I was a convert. I ditched my electric razor and went all in with the Mach 3. Of course, those disposable blades had the tendency to wear out pretty quickly, along with that blue lubricating strip, so I'd find myself dropping a few bucks per blade to get refills after a few shaves. Then again, Gillette was famous for the concept of giving away the razor and making its money on the blade, so this wasn't too surprising.
The tide started turning for me a few years later when Gillette decided to deprecate the Mach 3 in favor of a new design—this time with four blades, a lubricating strip and a rubber strip along the bottom! Everyone was supposed to switch over to this new and more expensive design, but I was perfectly happy with what I was using, and the new blades were incompatible with my Mach 3 razor, so I didn't pay it much attention.
The problem was that with this new design, replacement Mach 3 blades became harder and harder to come by, and all of the blades started creeping up in price. Eventually, I couldn't buy Mach 3 blades in bulk at my local warehouse store, and finally I gave up and bought one of the even more expensive new Gillette razors. What else could I do?
The turning point came when I read an article from The Art of Manliness blog called "Shave like your Grandpa" that described classic wet shaving techniques using big metal double-edged safety razors. I was fed up with the upgrade treadmill from proprietary plastic disposable razors, and I was intrigued at learning this lost art. More important, I found out that safety razors all used the same generic razor blade design and have for decades. As a result, you don't have to worry about incompatibility whether you find a safety razor in an antique store or buy one manufactured last week. Also, since every supplier is working off of the same open standard, blades are cheap—packs of five blades in a drug store are a dollar or two compared to three or four dollars per blade for modern disposables, and in bulk, they are less than ten cents apiece!
I was sold. I went to a local antique store and found a safety razor for about $10. Next I got a cheap pack of razor blades from the drug store, and I was ready to go. Of course, there was a learning curve with this solution, just like when I switched from Windows to Linux so many years ago. Everything was different, and many things were more difficult to do at first. With Linux, this meant spending a lot of time reading documentation, figuring out commands and repairing systems I broke. With shaving, this meant using a styptic pen to stop the bleeding!
Of course, in both cases, before too long, I climbed the learning curve and was getting superior results and had no intention of ever going back. If you've never tried wet shaving, you may not realize what this freedom from vendor lock-in means. It means if I see an interesting used safety razor in an antique store or if I see a nice new one online, I can get it without having to throw away all my existing razor blades. It also means if I find a new razor blade brand with a better price or better quality, I can switch over to it knowing my razor is automatically compatible.
Because there's no vendor lock-in and because the razor blade design is open, competition flourishes, and blade prices drop as a result, even among the higher-end vendors. I buy razor blades in packs of 100 online for less than $10 knowing that I'm set for another two to three years.

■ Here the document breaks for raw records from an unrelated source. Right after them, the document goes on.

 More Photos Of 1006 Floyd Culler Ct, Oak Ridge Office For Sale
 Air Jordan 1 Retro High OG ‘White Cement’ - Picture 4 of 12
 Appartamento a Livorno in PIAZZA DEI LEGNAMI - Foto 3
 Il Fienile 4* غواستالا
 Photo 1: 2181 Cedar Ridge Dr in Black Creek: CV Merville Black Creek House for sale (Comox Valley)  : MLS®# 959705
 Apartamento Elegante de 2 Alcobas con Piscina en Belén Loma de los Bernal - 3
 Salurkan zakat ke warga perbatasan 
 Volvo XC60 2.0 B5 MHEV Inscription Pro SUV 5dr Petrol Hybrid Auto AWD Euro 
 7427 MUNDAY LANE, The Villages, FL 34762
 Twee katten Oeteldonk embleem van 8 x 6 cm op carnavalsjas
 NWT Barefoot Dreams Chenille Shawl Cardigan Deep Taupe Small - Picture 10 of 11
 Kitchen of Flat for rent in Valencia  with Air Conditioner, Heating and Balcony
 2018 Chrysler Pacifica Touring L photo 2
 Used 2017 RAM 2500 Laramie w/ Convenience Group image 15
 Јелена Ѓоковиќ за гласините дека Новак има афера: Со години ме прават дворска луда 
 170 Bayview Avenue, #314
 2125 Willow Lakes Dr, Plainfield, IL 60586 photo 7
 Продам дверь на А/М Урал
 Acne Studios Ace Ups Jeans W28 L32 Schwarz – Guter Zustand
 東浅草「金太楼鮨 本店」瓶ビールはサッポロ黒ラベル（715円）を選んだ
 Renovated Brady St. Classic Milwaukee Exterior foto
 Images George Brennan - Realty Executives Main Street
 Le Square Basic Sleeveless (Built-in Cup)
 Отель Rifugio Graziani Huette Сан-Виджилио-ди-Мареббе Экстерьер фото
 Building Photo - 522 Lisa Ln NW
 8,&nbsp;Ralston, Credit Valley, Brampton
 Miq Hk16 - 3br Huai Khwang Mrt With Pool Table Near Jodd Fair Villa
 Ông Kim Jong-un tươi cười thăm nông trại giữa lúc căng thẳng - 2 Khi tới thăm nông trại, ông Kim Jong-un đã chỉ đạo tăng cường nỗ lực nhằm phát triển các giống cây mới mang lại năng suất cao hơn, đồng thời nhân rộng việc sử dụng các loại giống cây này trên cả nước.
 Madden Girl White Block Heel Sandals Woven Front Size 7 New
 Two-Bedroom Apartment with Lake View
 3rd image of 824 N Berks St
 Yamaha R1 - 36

No more worrying about the constantly increasing prices of disposable blades or planned obsolescence from manufacturers to force me to some new design that adds a vibrating motor. Instead, I'm free to pick from a huge array of safety razor designs from many different companies both past and present. Just this last weekend, I was walking through an antique store and saw a 1961 Gillette "Fat Boy" adjustable safety razor that is well known and popular in safety razor collector's forums both for the unique design and for the great shave it can give. I bought it knowing that after cleaning it up, I could pop in a new blade from my collection, and it would just work.
The power of open standards extends beyond today into the future. When my son gets old enough to shave, I can pass down one of my all-metal, decades-old antique razors to him, and it will still work. While everyone else in a decade will have to shave with some $20-per-blade disposable razor with three aloe strips, seven blades, and some weird vibrating and rotating motor, he will be able to pick any razor from my collection and find affordable replacement blades. This is the power of open standards and the freedom to avoid vendor lock-in.